(Stored dataset items)

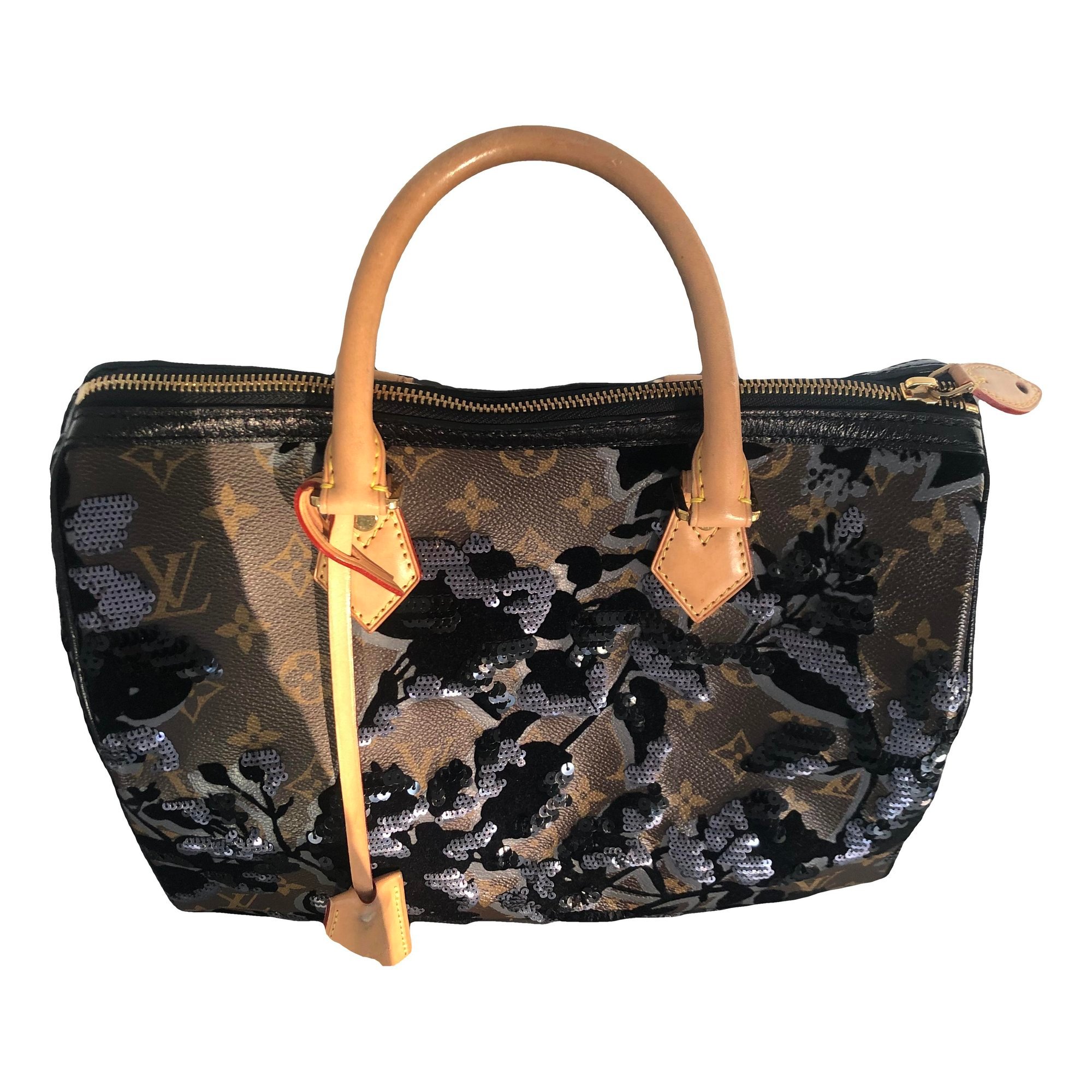 Speedy leather handbag
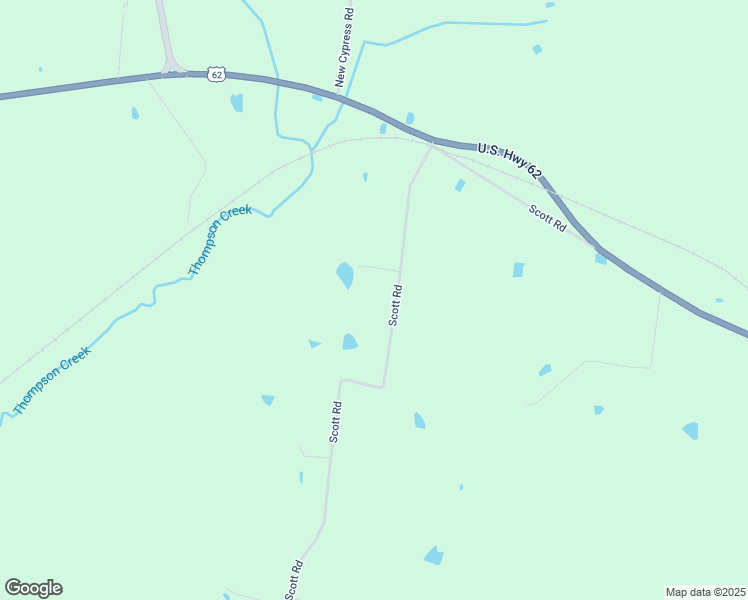 map of restaurants, bars, coffee shops, grocery stores, and more near Scott Road in Greenville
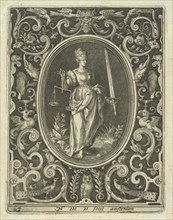 Decoration, print maker: Nicolaes de Bruyn, Frederik de Wit, 1581 - 1656
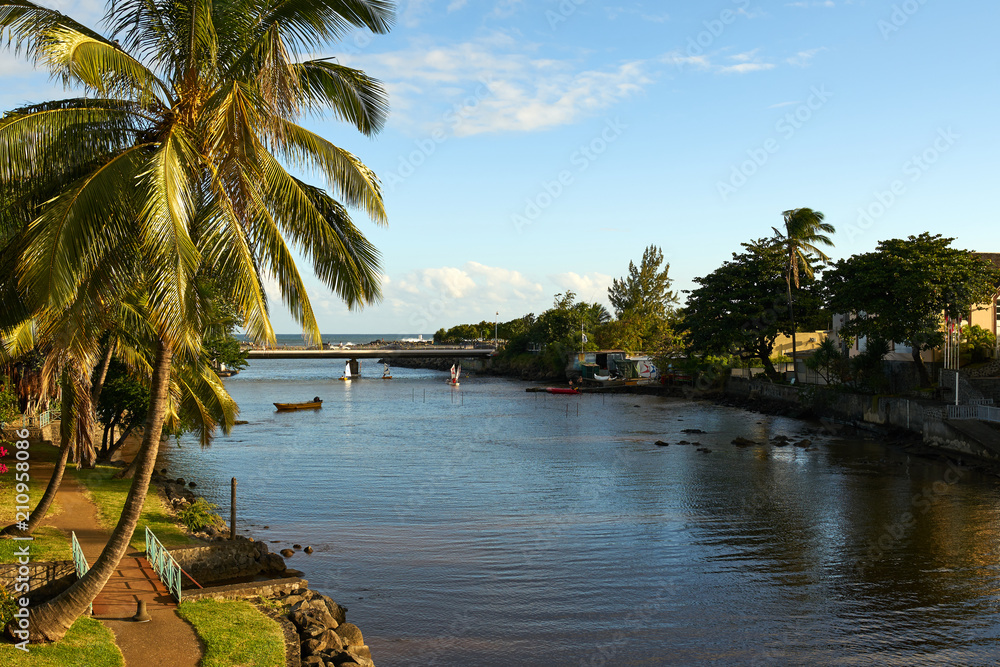 View on Rivière d'abord, Saint-Pierre, Reunion Island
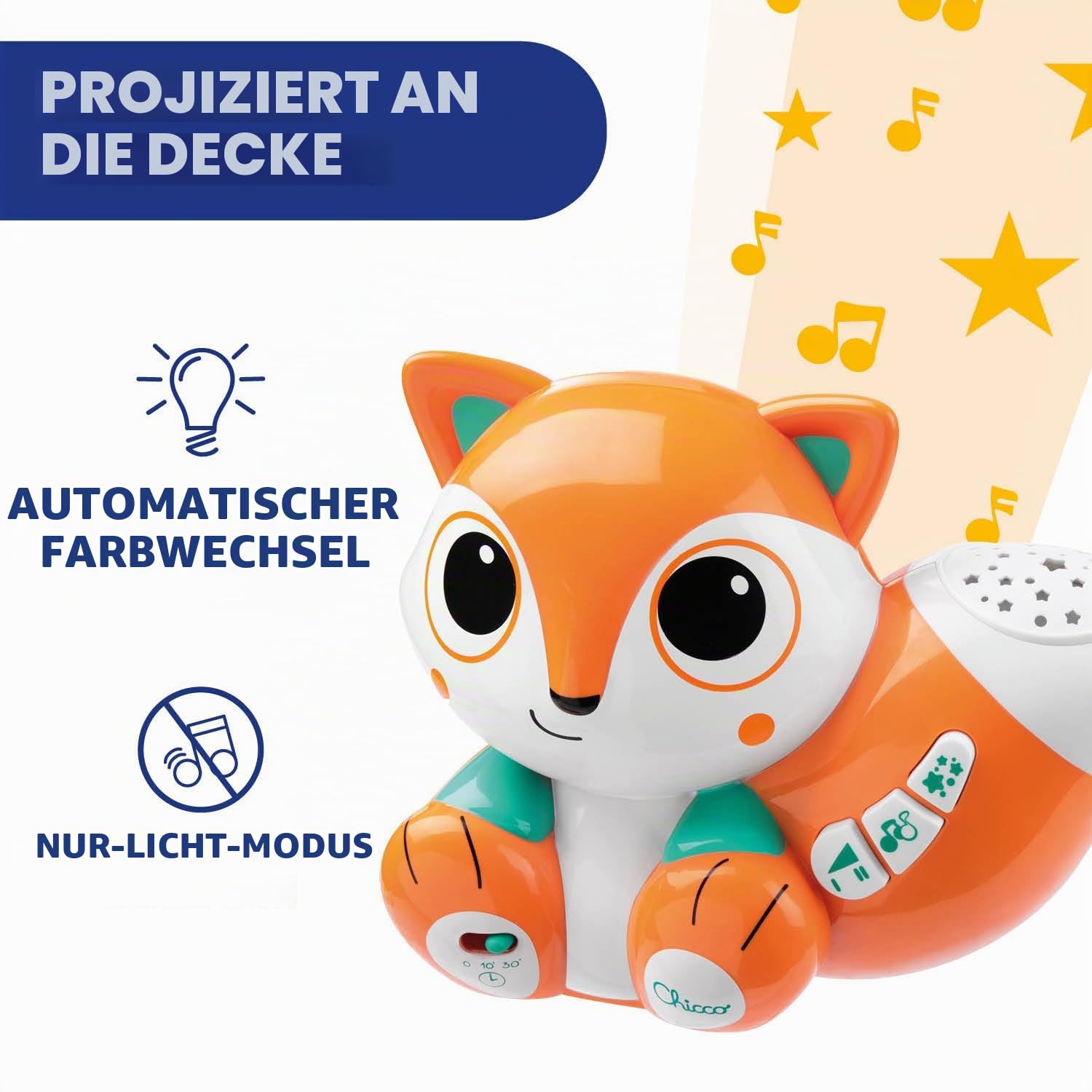 chicco-projektor-foxy-tragbarer-nachtlicht-projektor-mit-3-beruhigenden-melodien image 3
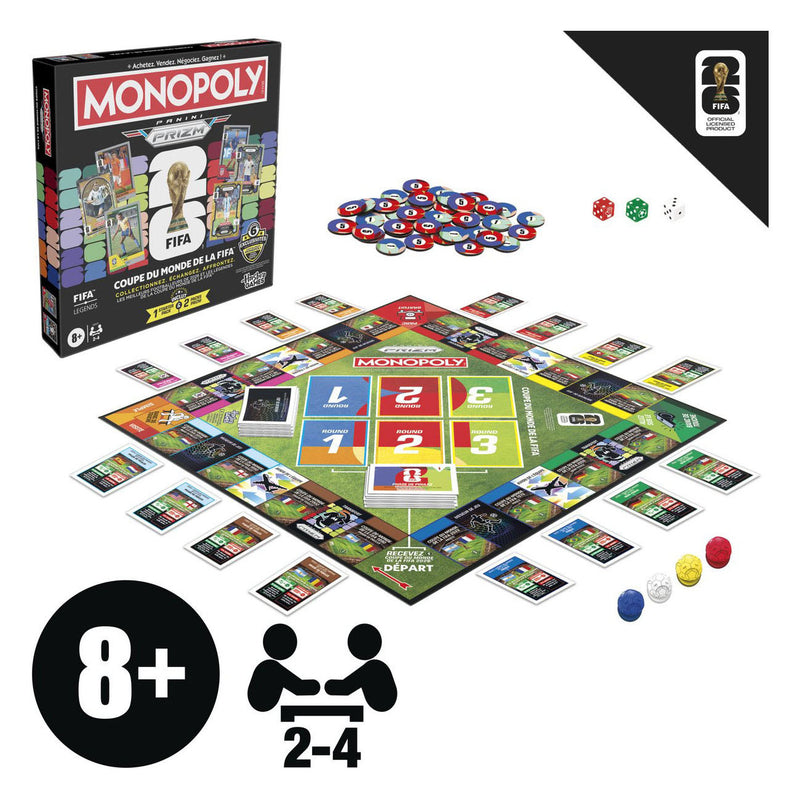ギャラリービューアに画像をロードする, Monopoly panini prizm fifa world cup - bordspel - franstalig
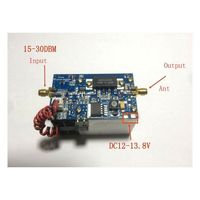 Amplifier daya setengah dupleks UHF 400-470MHZ AMP 433mh untuk MMDVM Hotspot DMR, DPMR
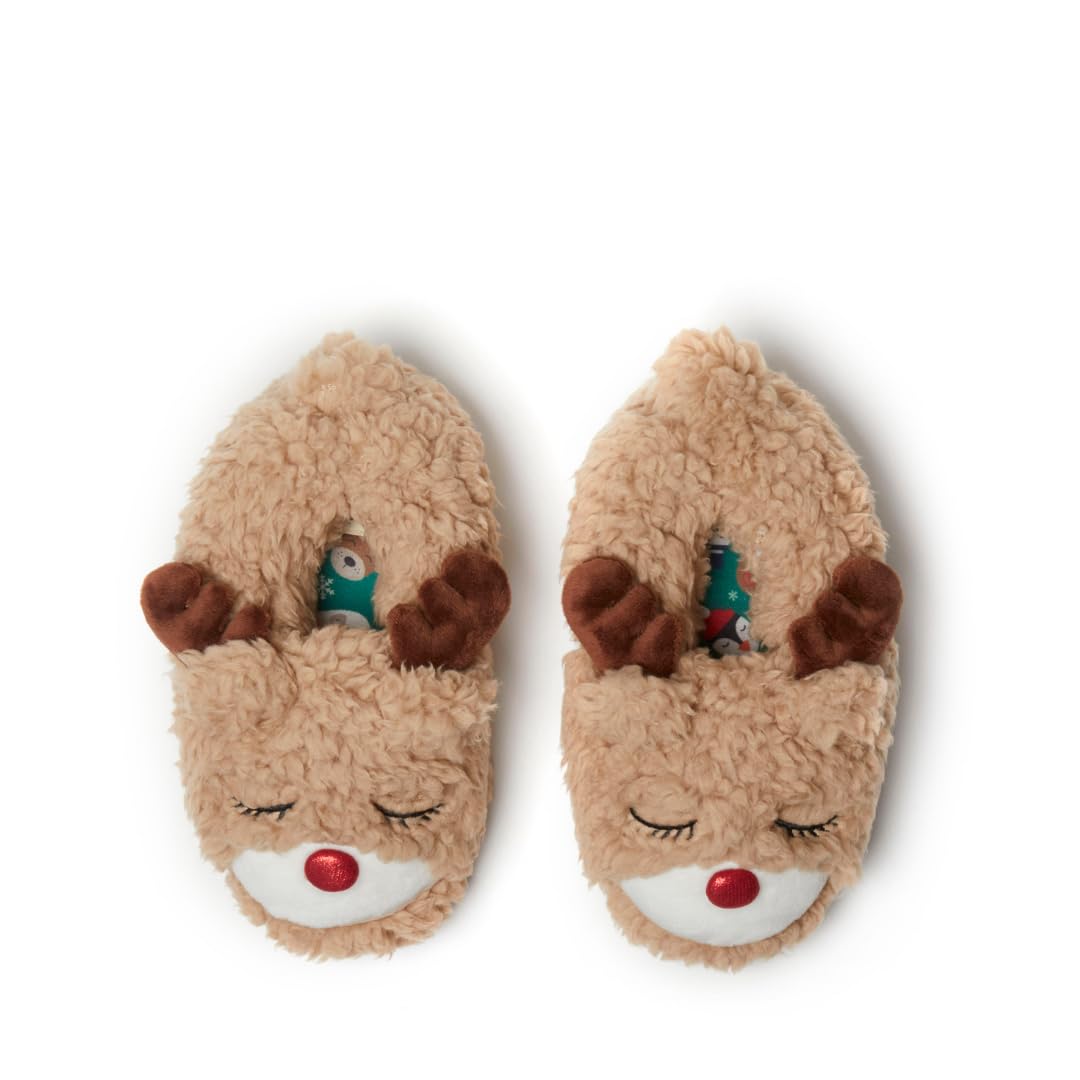 Dearfoams Kids' Kids' Toddlers Whimsical Animal Critter Washable Slipper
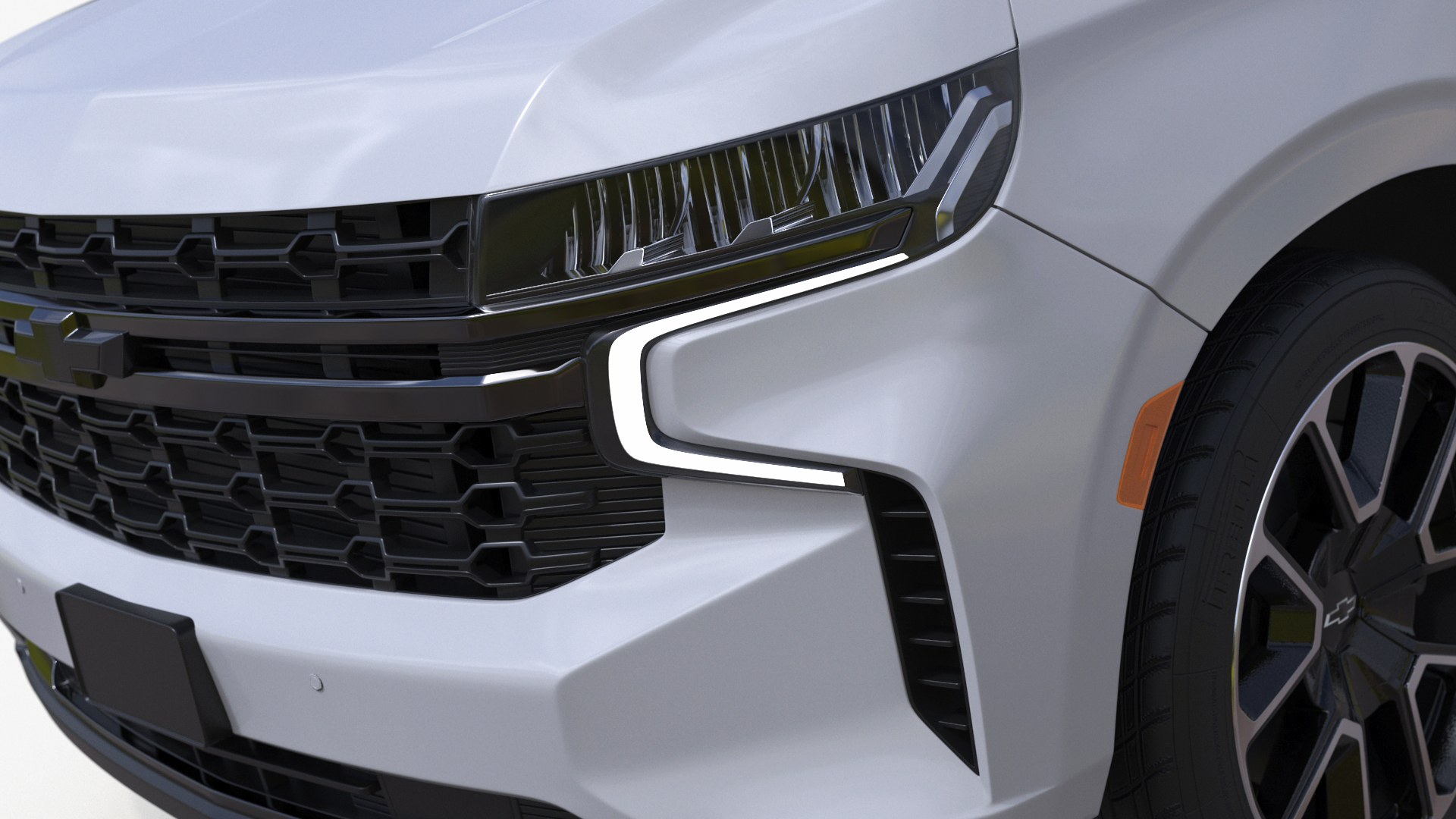 3D model 2024 Chevrolet Tahoe SUV White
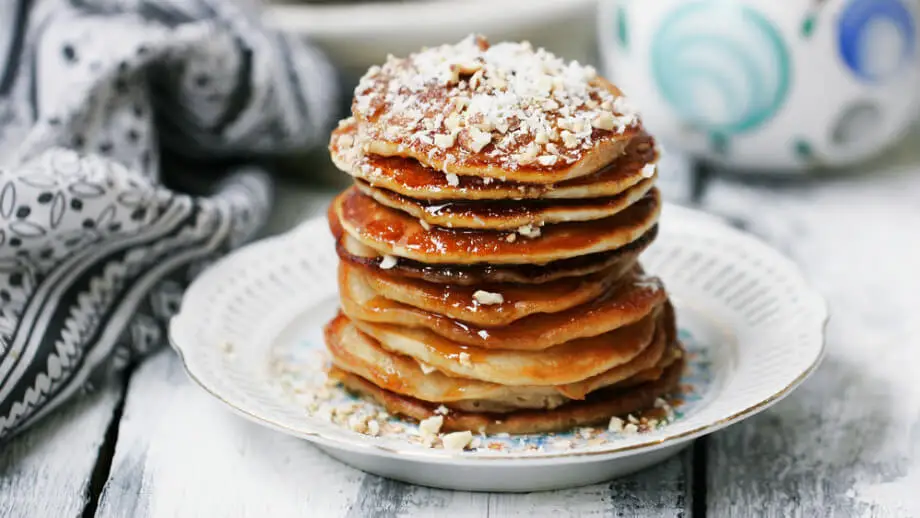 Crêpes manioc et noix de coco.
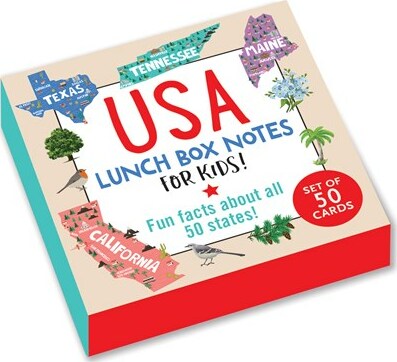 USA Noteworthy Card Deck: Fascinating Lunch Box Notes for Kids!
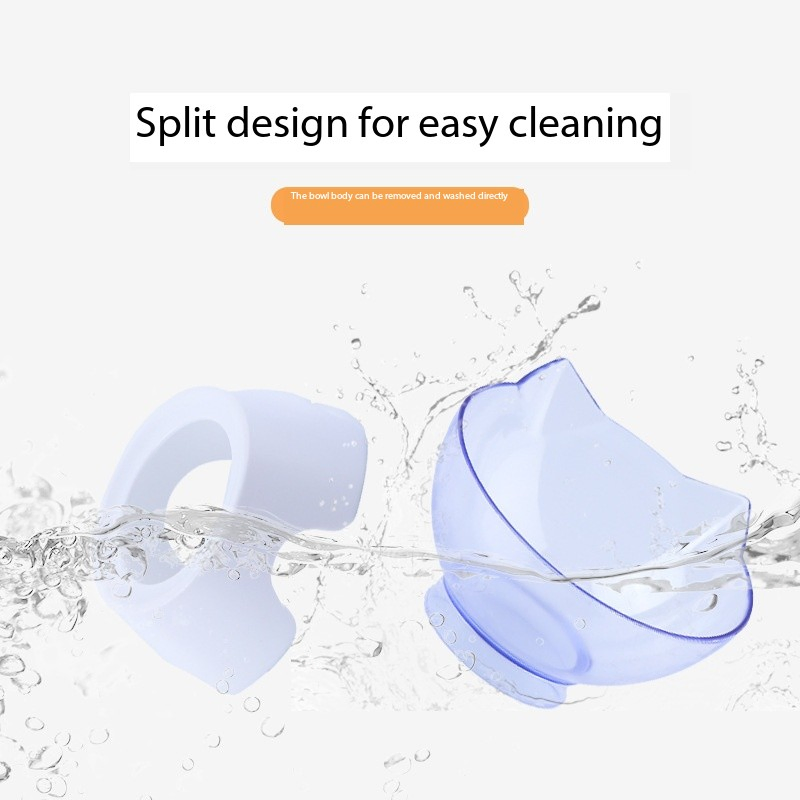 Cat Bowl Cat Food Bowls for Indoor Cats Elevated Cat Bowls 15° Tilted Protect Spine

WHAT THIS TASK INVOLVES.
Copy exactly the lines from the line containing "Crêpes manioc et noix de coco." through the last line of the records above, both included, and leave out any pictures.

EXERCISE ANSWER.
 Crêpes manioc et noix de coco.
 USA Noteworthy Card Deck: Fascinating Lunch Box Notes for Kids!
 Cat Bowl Cat Food Bowls for Indoor Cats Elevated Cat Bowls 15° Tilted Protect Spine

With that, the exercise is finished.